• Work item: Below, some lines carry pictures; leave those pictures out and retype exactly the lines from the one with "Products can also" through the one with "Operating System is the".

___ Exercise materials ___

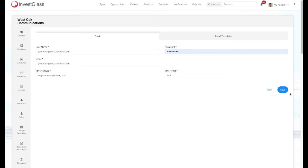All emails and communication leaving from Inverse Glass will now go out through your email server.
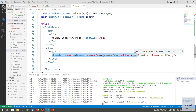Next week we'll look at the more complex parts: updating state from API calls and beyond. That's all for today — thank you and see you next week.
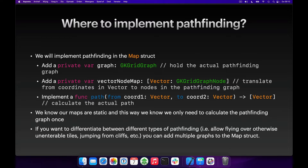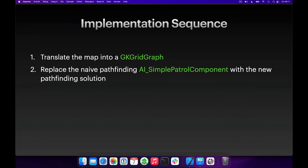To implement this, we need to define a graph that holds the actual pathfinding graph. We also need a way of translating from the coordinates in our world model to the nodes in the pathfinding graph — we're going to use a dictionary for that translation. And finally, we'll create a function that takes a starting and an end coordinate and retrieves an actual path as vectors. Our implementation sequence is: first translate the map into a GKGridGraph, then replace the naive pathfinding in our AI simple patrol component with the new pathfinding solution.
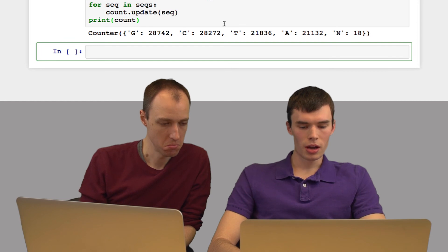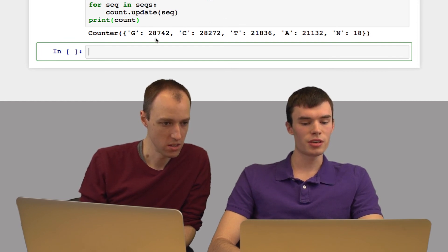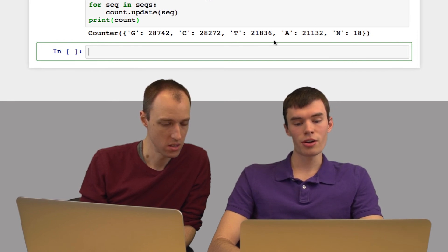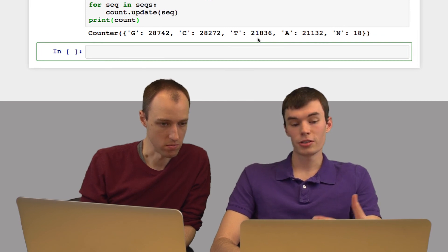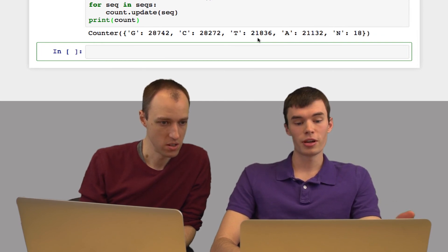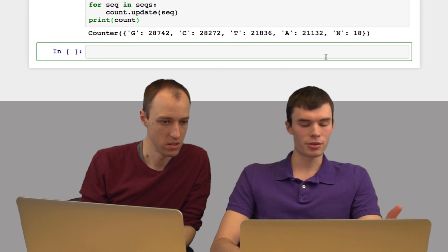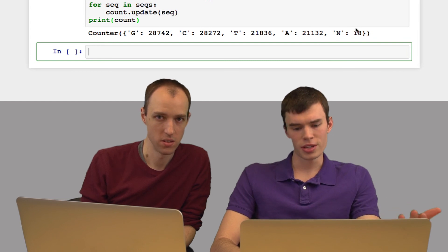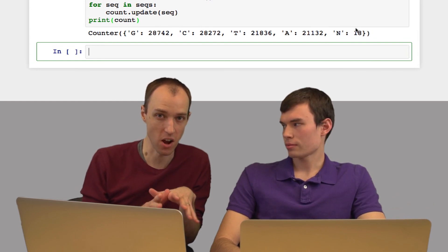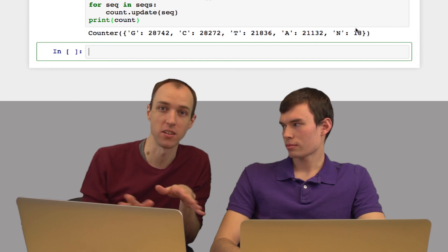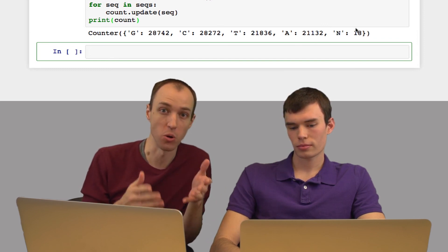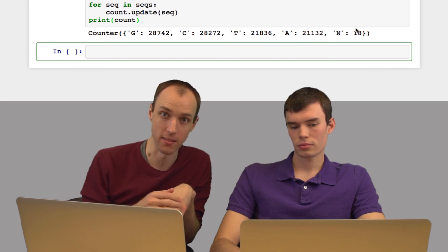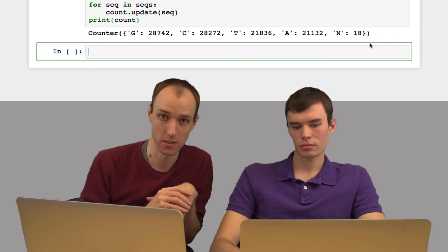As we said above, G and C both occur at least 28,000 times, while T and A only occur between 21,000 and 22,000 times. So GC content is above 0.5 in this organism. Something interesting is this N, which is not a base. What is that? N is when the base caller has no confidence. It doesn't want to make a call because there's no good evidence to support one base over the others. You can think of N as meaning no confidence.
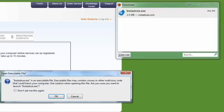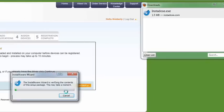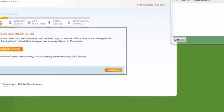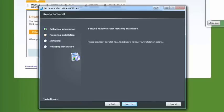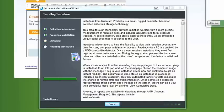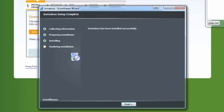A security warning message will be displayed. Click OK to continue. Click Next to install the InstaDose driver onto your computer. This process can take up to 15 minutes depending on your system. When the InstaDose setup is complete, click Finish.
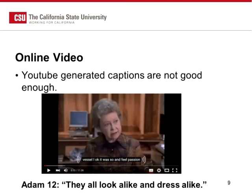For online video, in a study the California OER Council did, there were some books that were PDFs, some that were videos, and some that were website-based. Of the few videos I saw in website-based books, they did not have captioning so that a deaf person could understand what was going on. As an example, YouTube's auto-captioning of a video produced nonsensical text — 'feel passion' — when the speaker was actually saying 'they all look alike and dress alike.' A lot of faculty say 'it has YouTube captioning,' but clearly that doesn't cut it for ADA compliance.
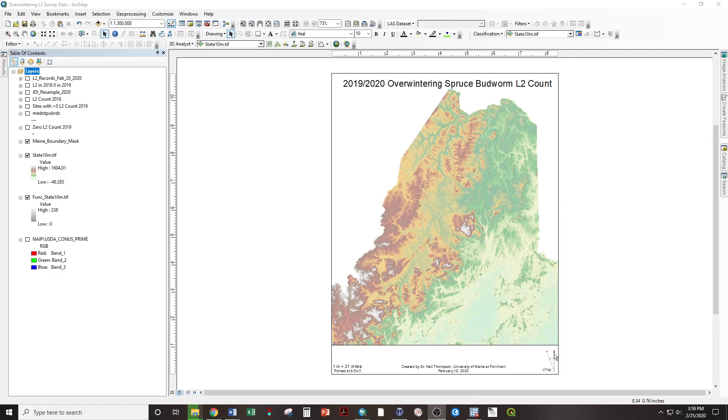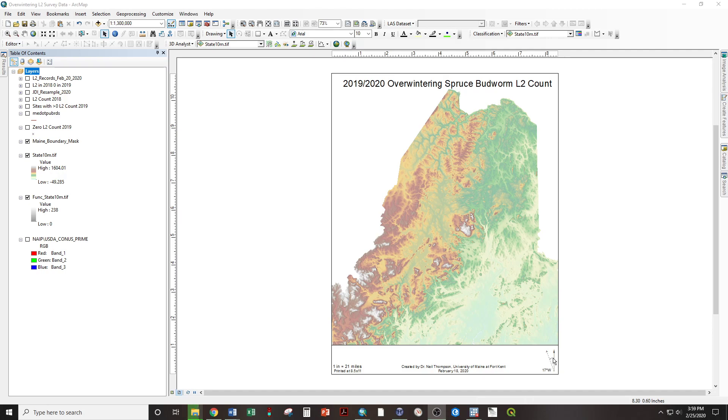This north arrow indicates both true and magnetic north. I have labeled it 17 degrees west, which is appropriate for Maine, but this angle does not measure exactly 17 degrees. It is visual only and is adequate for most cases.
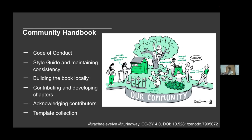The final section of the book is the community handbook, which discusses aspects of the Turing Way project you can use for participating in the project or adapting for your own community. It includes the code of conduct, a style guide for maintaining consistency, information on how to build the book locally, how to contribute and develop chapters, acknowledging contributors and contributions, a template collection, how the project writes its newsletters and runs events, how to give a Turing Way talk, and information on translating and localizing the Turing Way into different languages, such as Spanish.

___
___ Exercise materials ___

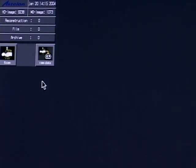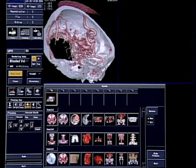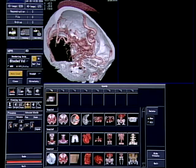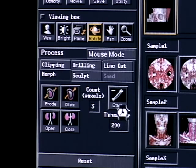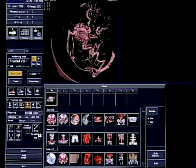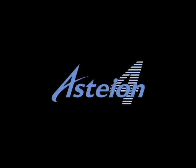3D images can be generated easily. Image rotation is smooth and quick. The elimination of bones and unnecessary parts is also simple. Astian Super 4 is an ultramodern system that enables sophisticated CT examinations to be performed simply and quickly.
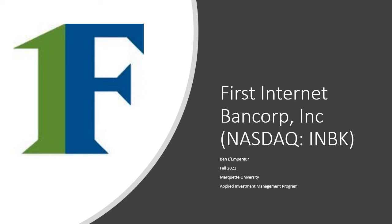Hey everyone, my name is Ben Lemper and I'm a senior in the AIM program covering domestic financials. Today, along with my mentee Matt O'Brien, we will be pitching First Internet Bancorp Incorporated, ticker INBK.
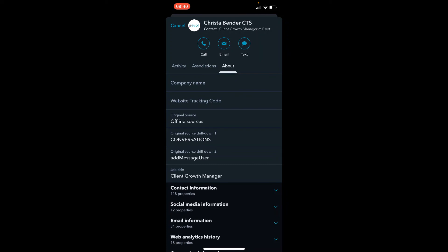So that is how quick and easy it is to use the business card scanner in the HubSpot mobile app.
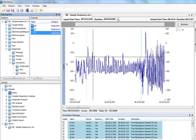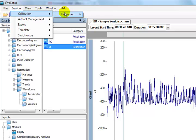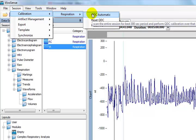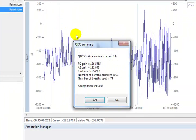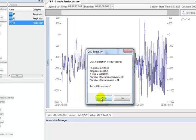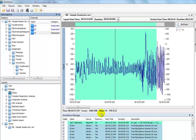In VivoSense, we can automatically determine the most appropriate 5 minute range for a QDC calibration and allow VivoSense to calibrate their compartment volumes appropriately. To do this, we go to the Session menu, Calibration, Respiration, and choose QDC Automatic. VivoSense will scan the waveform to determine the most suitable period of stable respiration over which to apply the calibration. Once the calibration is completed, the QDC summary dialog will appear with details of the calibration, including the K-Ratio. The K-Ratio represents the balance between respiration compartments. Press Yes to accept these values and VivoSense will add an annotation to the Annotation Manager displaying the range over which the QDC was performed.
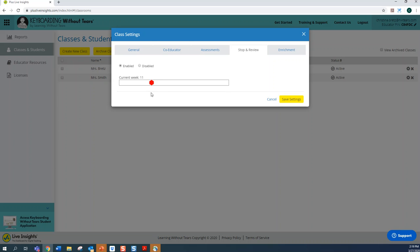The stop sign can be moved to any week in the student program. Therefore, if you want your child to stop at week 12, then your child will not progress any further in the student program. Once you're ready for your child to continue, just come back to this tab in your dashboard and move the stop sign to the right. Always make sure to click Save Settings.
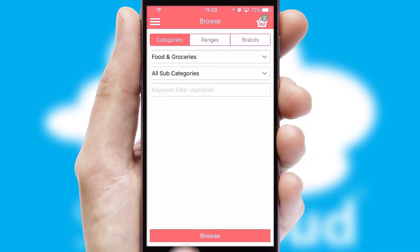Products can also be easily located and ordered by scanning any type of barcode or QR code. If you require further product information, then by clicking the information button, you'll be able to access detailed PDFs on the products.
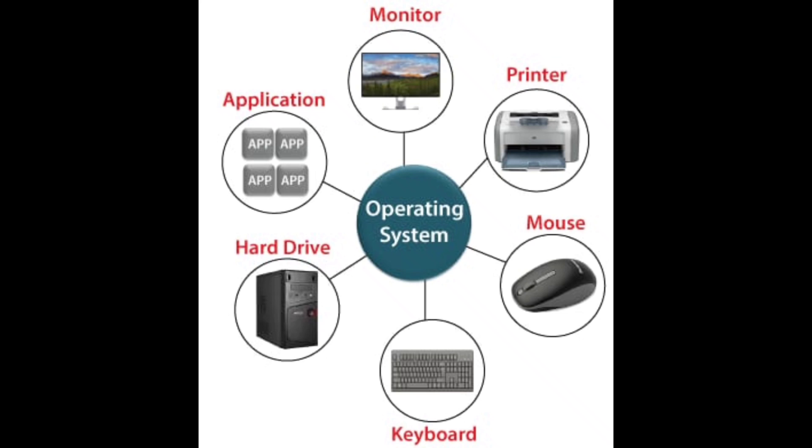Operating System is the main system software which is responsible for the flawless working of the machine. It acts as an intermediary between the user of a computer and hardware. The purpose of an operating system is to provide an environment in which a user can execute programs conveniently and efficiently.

___

• Result below:
Products can also be easily located and ordered by scanning any type of barcode or QR code. If you require further product information, then by clicking the information button, you'll be able to access detailed PDFs on the products.
Operating System is the main system software which is responsible for the flawless working of the machine. It acts as an intermediary between the user of a computer and hardware. The purpose of an operating system is to provide an environment in which a user can execute programs conveniently and efficiently.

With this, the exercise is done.